• _EXERCISE DIRECTIONS_: Output exactly, and only, the lines below from the one with "Saint-Malo e Saint-Servan" down to the one with "Ginkgo Botanical Mid". Include both end lines and no pictures.

** Opening DATA FOR THIS EXERCISE block **

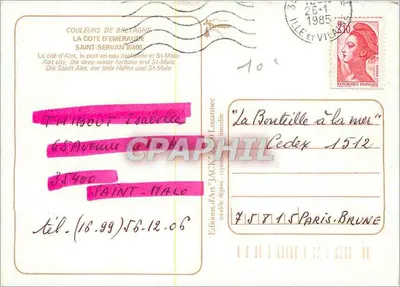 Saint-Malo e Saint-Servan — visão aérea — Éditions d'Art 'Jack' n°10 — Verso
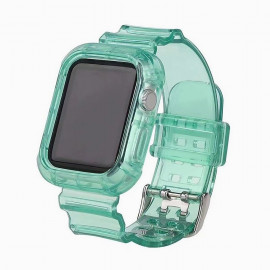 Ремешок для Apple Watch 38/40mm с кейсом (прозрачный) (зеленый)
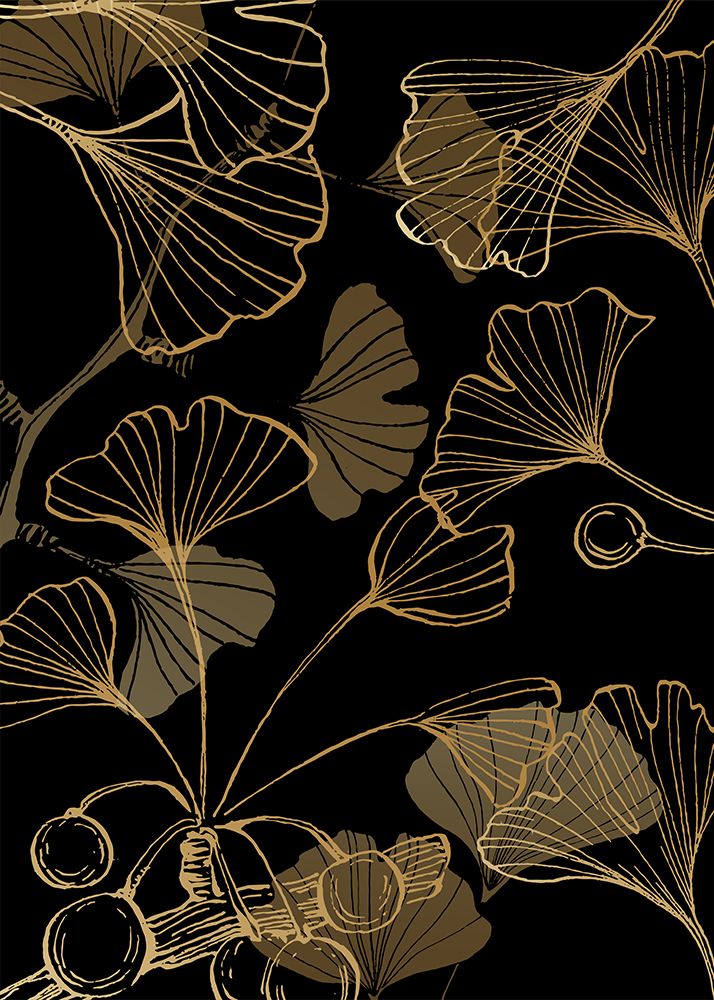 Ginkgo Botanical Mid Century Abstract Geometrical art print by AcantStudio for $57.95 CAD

** Closing DATA FOR THIS EXERCISE block **
** Opening DATA FOR THIS EXERCISE block **

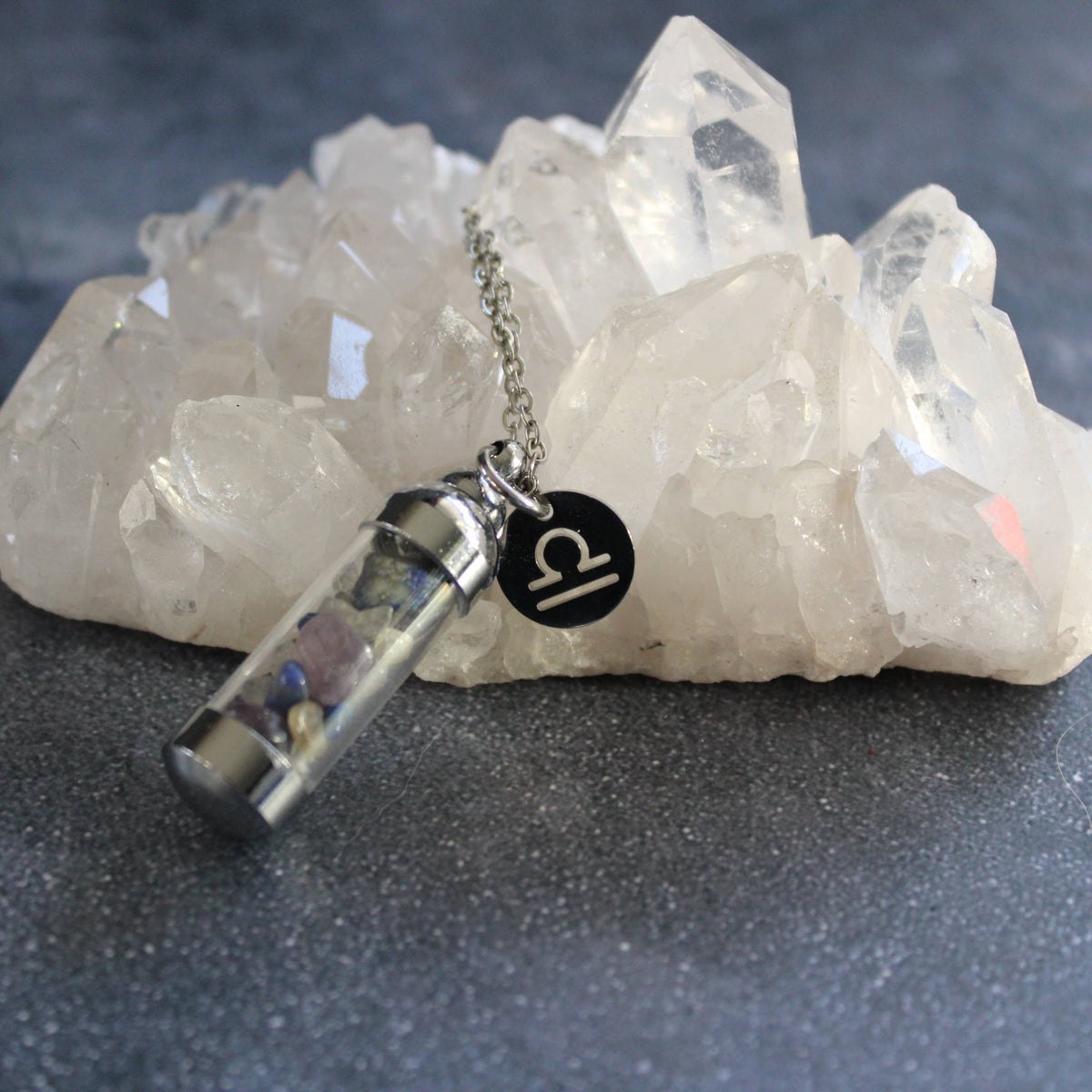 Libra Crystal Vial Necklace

** Closing DATA FOR THIS EXERCISE block **

• _YOUR RESPONSE_:
 Saint-Malo e Saint-Servan — visão aérea — Éditions d'Art 'Jack' n°10 — Verso
 Ремешок для Apple Watch 38/40mm с кейсом (прозрачный) (зеленый)
 Ginkgo Botanical Mid Century Abstract Geometrical art print by AcantStudio for $57.95 CAD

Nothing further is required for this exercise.